Segment Open

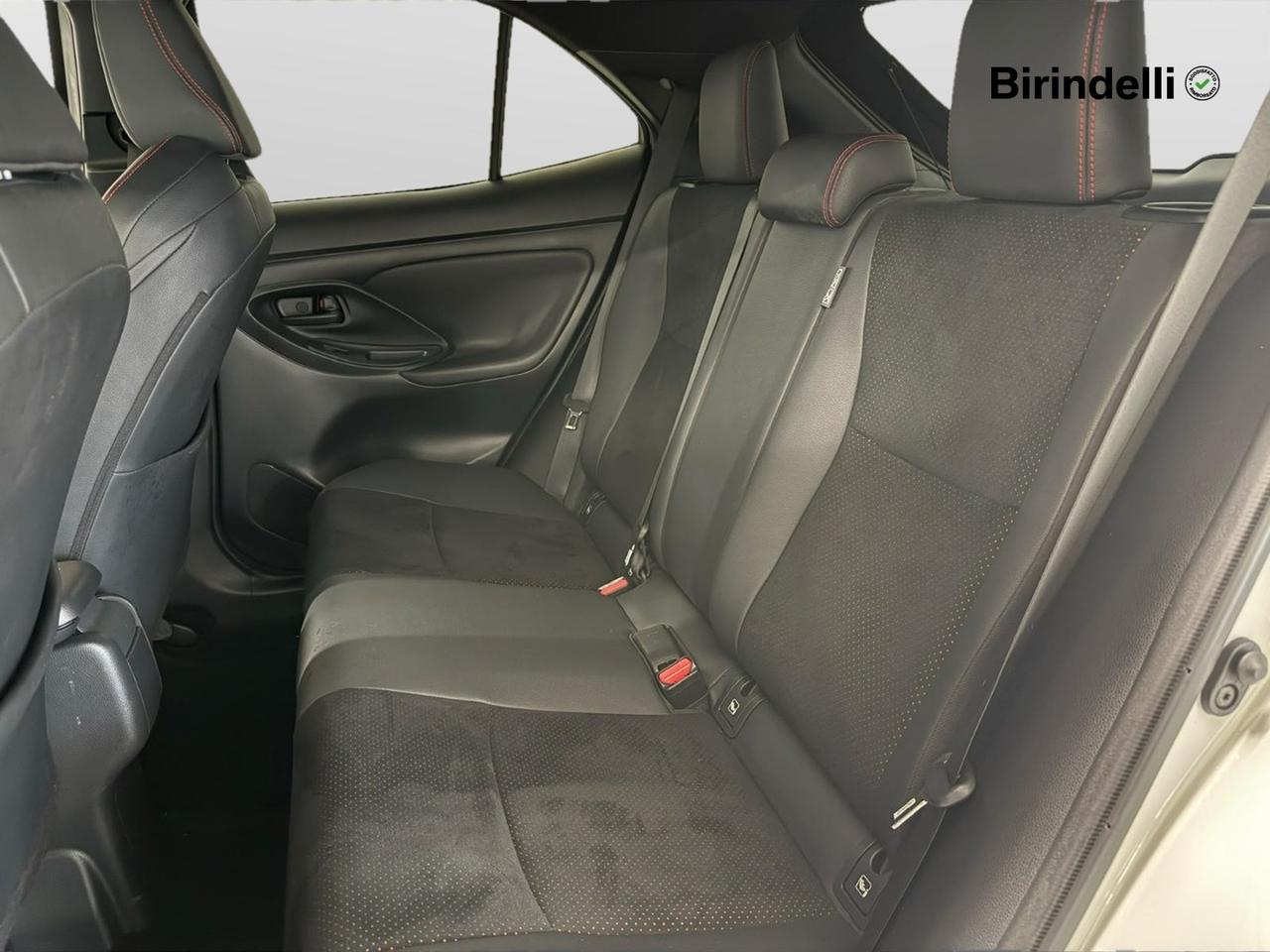 TOYOTA Yaris Cross - Yaris Cross 1.5 Hybrid E-CVT GR SPORT Black Sky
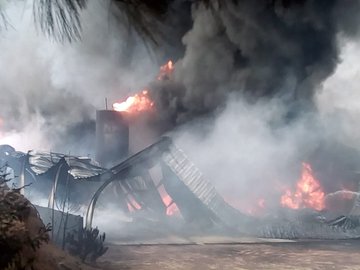 el incendio consume la fábrica de resina. (CEPCO)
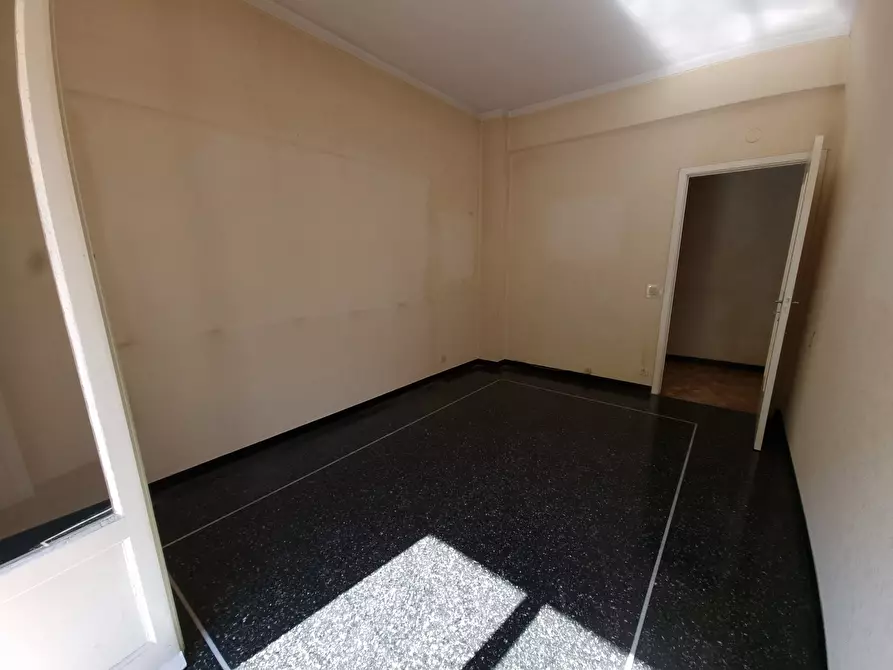 Immagine 2 di Trilocale in vendita  in Salita Serra Riccò 13 a Genova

Segment Closed

*What to work on:* Leaving the pictures out, print every line of the listing exactly.

*Answer section:*
 TOYOTA Yaris Cross - Yaris Cross 1.5 Hybrid E-CVT GR SPORT Black Sky
 el incendio consume la fábrica de resina. (CEPCO)
 Immagine 2 di Trilocale in vendita  in Salita Serra Riccò 13 a Genova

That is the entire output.